Not technically on the route, but just 84 km from Christchurch on Banks Peninsula you’ll find the charming beach settlement of Akaroa. In the 1830s an ambitious French whaler planned a French colony here and, even though he didn’t get his way, the flavour of La Belle France remains. With its Mediterranean microclimate, the food and drink are worth the extra miles alone. You must explore the beach, then stop in at The Giant’s House Sculpture and Mosaic Gardens - a little bit of Gaudi down under.
The museum is also worth visiting, as is swimming with dolphins. Akaroa is the only place in the world where you can swim with the very rare Hector’s dolphin. Check out Black Cat Cruises and book your swim! A percentage of the ticket price goes back help with research and conservation of these friendly little guys. But you need to book as there are limited swim spots on each cruise and whilst cruises operate all year, you can only get in the water with the dolphins from September to May.
If you prefer to keep your feet dry, you can check out Australasia’s largest mainland penguin population at Pohatu Penguin Colony.
With your detour over, head back to State Highway 73 and make a beeline for the Canterbury Plains where you’ll get a strong sense of New Zealand’s small town rural roots. Miles and miles of patch worked land stretches out in front of you on the plains and the straight roads that dissect the plains feel like they may well run on forever!

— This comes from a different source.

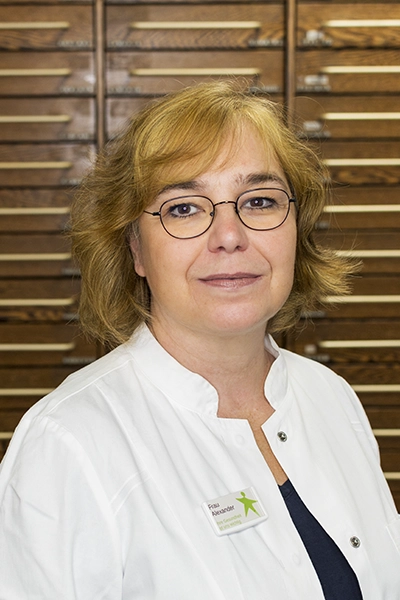 Frau Alexander - seit dem 01.07.2023 wieder in unserer Apotheke tätig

And rising above those farming foundations are colourful hot air balloons that float in the skies over Darfield. Ballooning Canterbury take visitors high above the Canterbury Plains where they can marvel at the landscape as it spreads to the edges of the majestic Southern Alps. Winter or summer, this is a most magical adventure but do dress warmly as those wicker baskets don’t hold a lot of heat – and because sunrise is the best time of day for ballooning, prepare for an early start.
But jetboating is the real drawcard in Springfield, with Alpine Jets taking passengers into the Waimakariri River canyon for the ride of their lives. With a variety of tours all featuring informative commentary, choose from 30 or 60 minute spins, to a half-day with morning tea or a full day that includes lunch. Every timetable (and budget) is catered for in Springfield.
Remember that picnic you grabbed back in Christchurch? Well it’s almost time to break it out. So once you’ve roared your lunges out on the Waimakiriri, jump back in the car and head north west over Porters Pass driving through rugged, glorious, tussock and snow clad mountain terrain towards Arthur’s Pass until you reach Castle Hill rocks, (Kura Tawhiti - Maori for Treasure from afar) and beyond these Castle Hill Village.
The rocks themselves are extraordinarily majestic limestone formations, remnants from when this are was an inland sea over 30 million years ago. Today it’s a great spot for a picnic, or a walk, it is very popular with rock climbers and sharp-eyed movie buffs might also recognise the landscape from The Lion, the Witch and the Wardrobe which was partly shot in this neck of the woods. Peaceful, humbling and a wonderful reminder of how epic nature can be, give yourself a couple of hours, as it’s one of those places where you’ll want to remind yourself you’re on holiday, and not in a hurry.
Kura Tawhiti is a very spiritual place for local Maori as there are many tapu (sacred) areas amongst the rocks. Please remember this as you wander amongst these giant natural sculptures, please stick to the trails as there are delicate fauna growing at the base of the rocks and please when climbing or walking around the rocks, leave them as you found them. This landscape is truly awe inspiring so you will leave here richer from the experience of spending time here and we are sure you’ll find yourself tempted to play hide and seek, no matter how old or young you are.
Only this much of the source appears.